======== Information shown

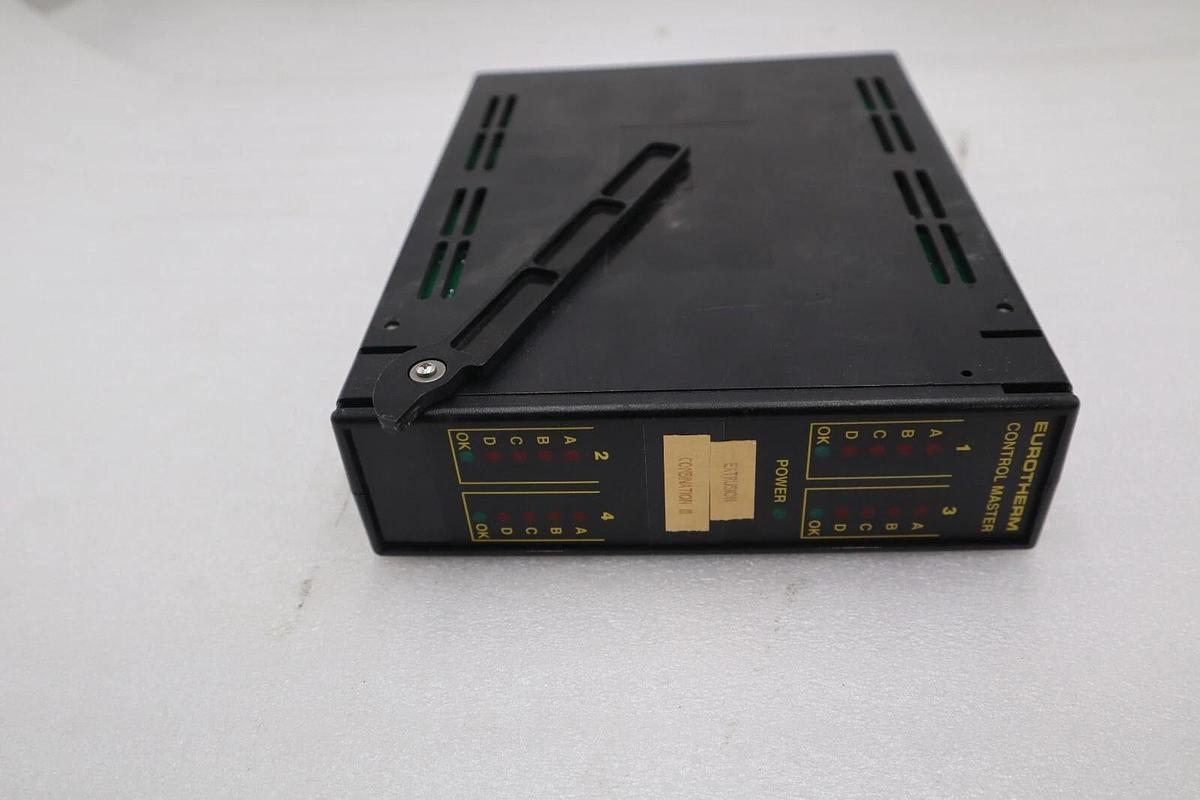 Used EUROTHERM ECMA2/FA119/AN2/PC2(V1D)/DP4(1111)/PC2(V1D)/(A0/119V040/0)/ STK 521-B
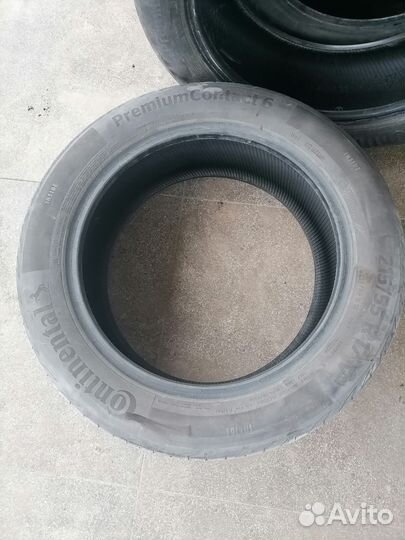 Continental PremiumContact 6 215/55 R17 19C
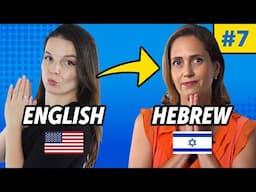 Hebrew for Absolute Beginners - 140 Hebrew Expressions You Must Know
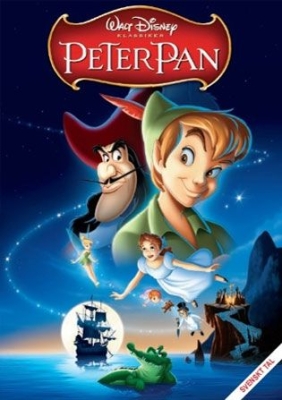 Peter Pan - Disneyklassiker 14 ryhmässä Elokuva DVD @ Bengans Skivbutik AB (837376)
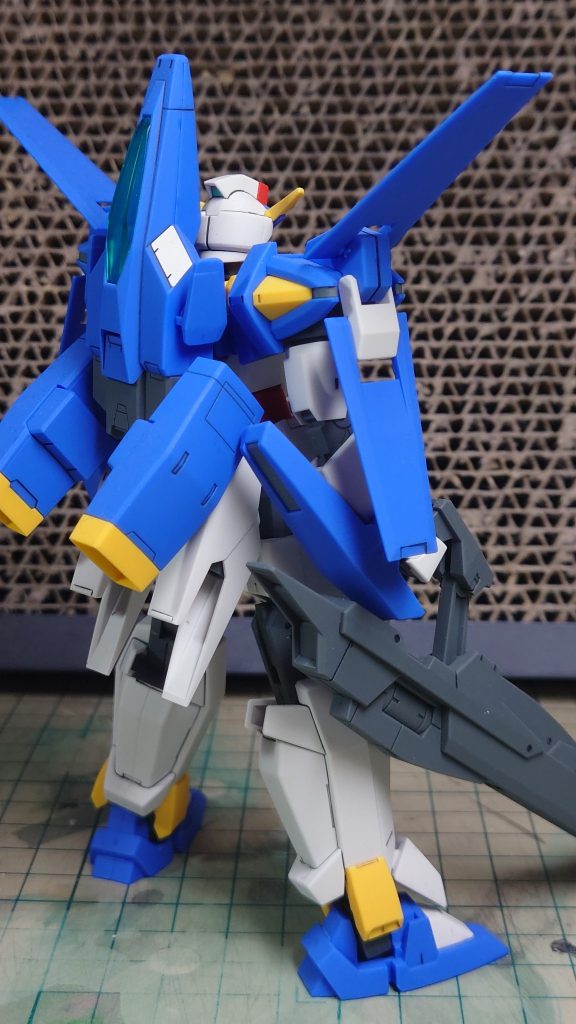 ガンダムAGE３–6枚目/制作者：あれく myT 積みプラ崩したい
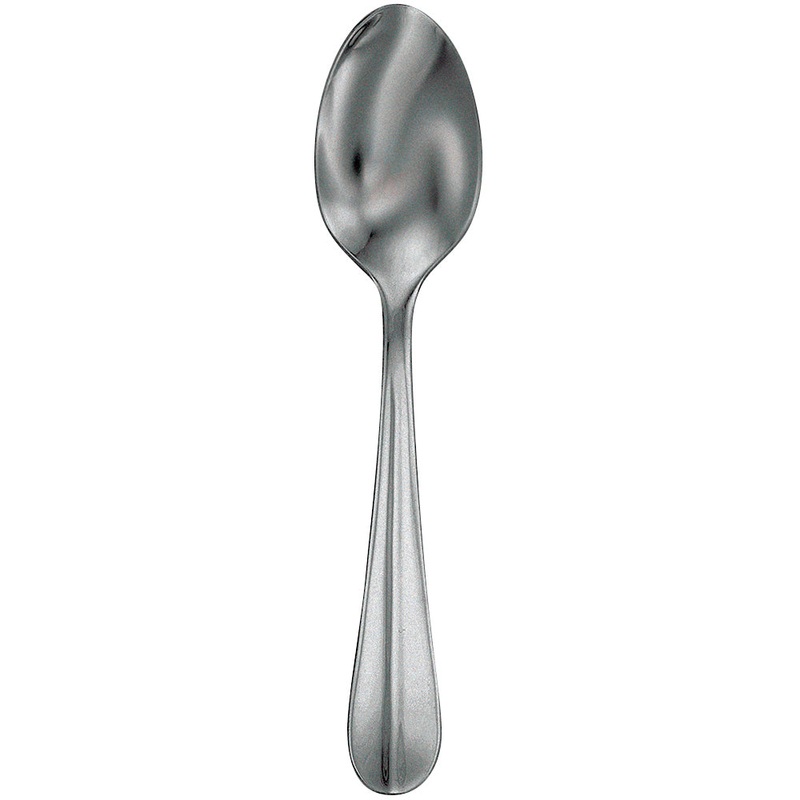 Walco 9401FS Lancer 6 1/16″ 18/10 Fieldstone Finish Stainless Steel Extra Heavy Weight Tea Spoon – 12/Pack
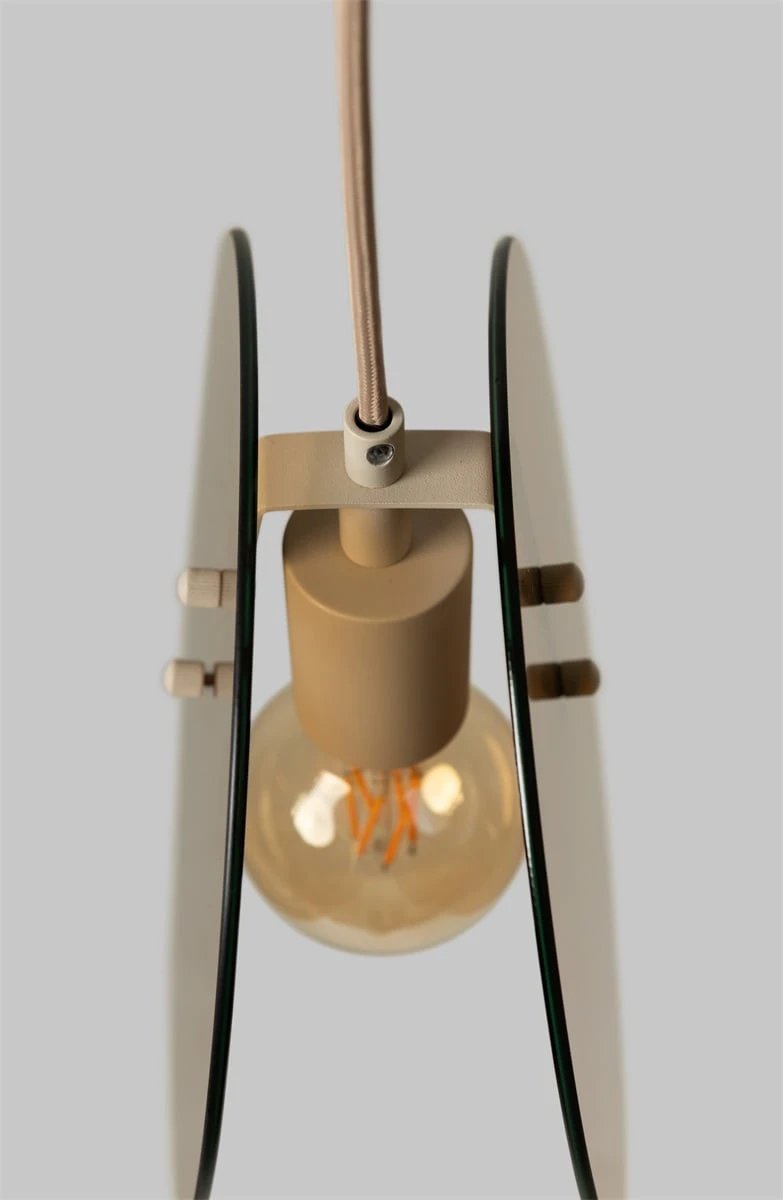 Hanglamp Toledo, amber by it's about RoMi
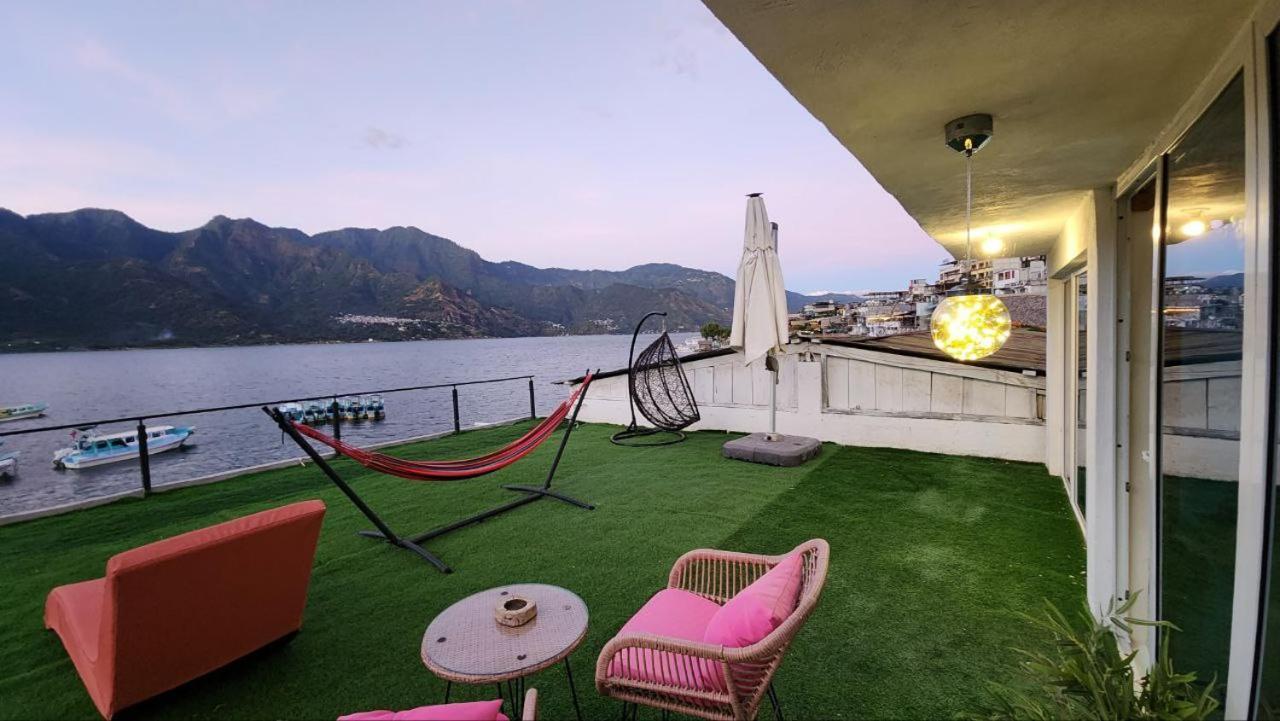 Apartamento Dubai By Luxury Atitlan San Pedro La Laguna Exterior foto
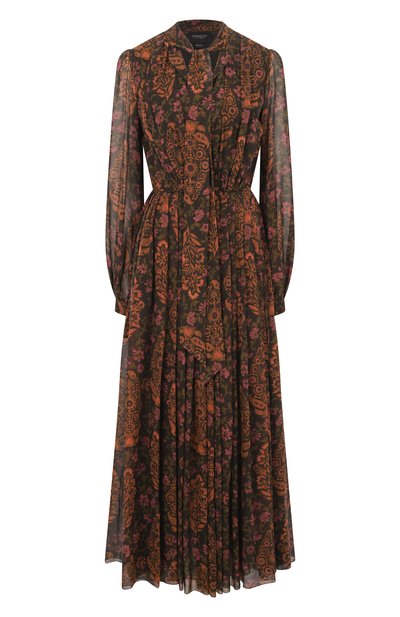 Женское шелковое платье GIAMBATTISTA VALLI, арт. 25FWSVTE5080/96PRI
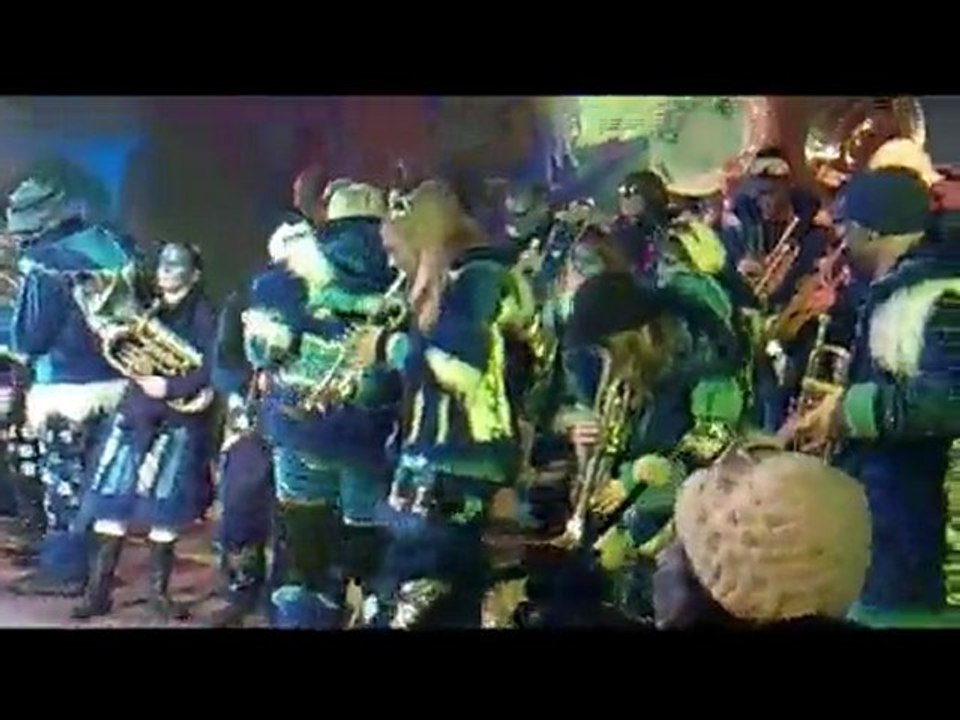 Eichleguugger: Auftritt Escholzmatt (Fasnachtssamstag 2010)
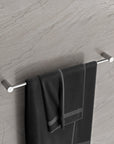 Porte-serviettes OLA - Inox - env. 62 x 7,5 cm - design rond - couleur au choix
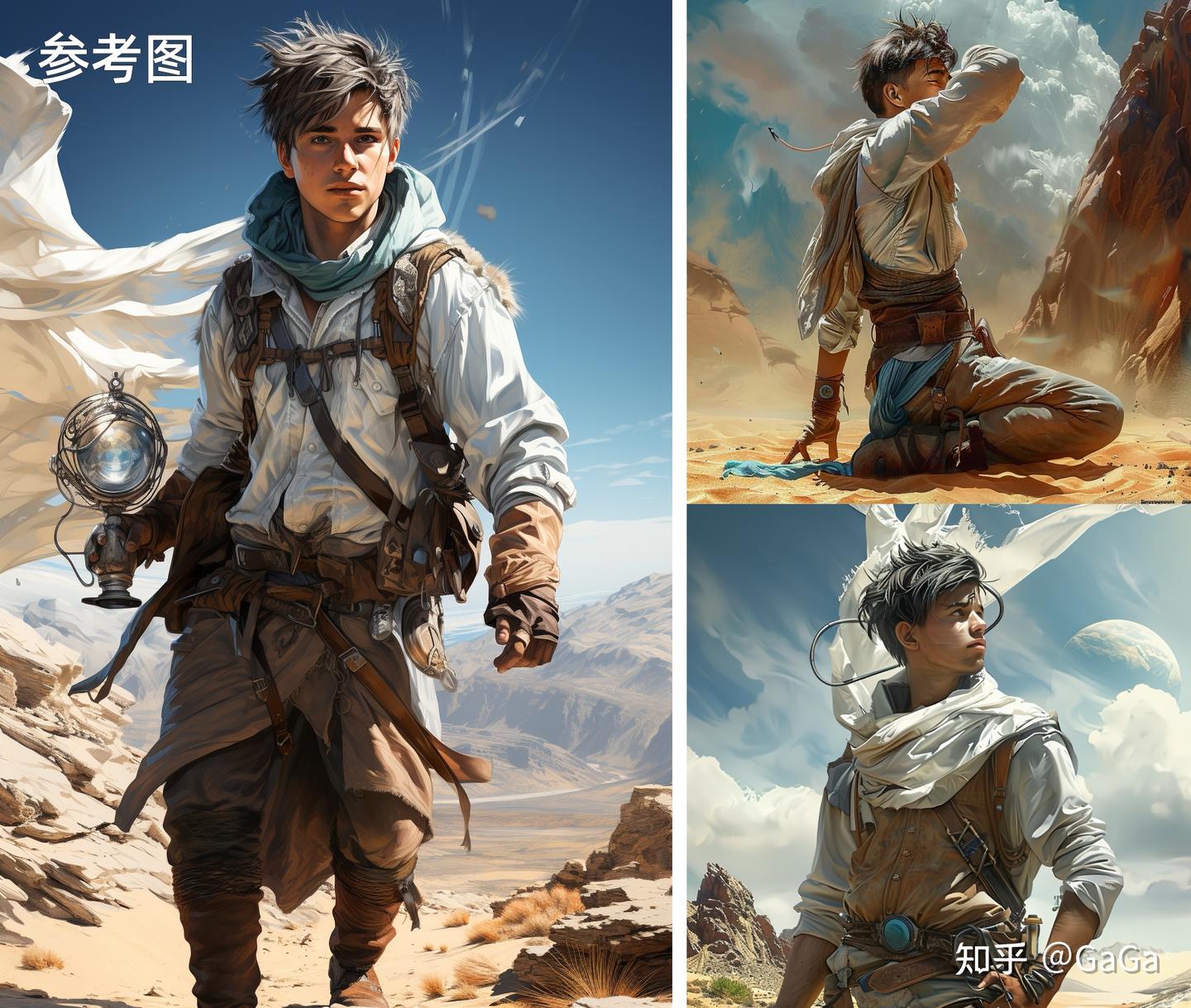 控制角色一致性!Midjourney 重磅更新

================

**Task goal**
Nothing but the lines from the line containing "ガンダムAGE３–6枚目/制作者：あれく myT 積みプラ崩したい" to the end of the records above should be repeated, exactly and with every picture omitted.

**Output for this task**
 ガンダムAGE３–6枚目/制作者：あれく myT 積みプラ崩したい
 Walco 9401FS Lancer 6 1/16″ 18/10 Fieldstone Finish Stainless Steel Extra Heavy Weight Tea Spoon – 12/Pack
 Hanglamp Toledo, amber by it's about RoMi
 Apartamento Dubai By Luxury Atitlan San Pedro La Laguna Exterior foto
 Женское шелковое платье GIAMBATTISTA VALLI, арт. 25FWSVTE5080/96PRI
 Eichleguugger: Auftritt Escholzmatt (Fasnachtssamstag 2010)
 Porte-serviettes OLA - Inox - env. 62 x 7,5 cm - design rond - couleur au choix
 控制角色一致性!Midjourney 重磅更新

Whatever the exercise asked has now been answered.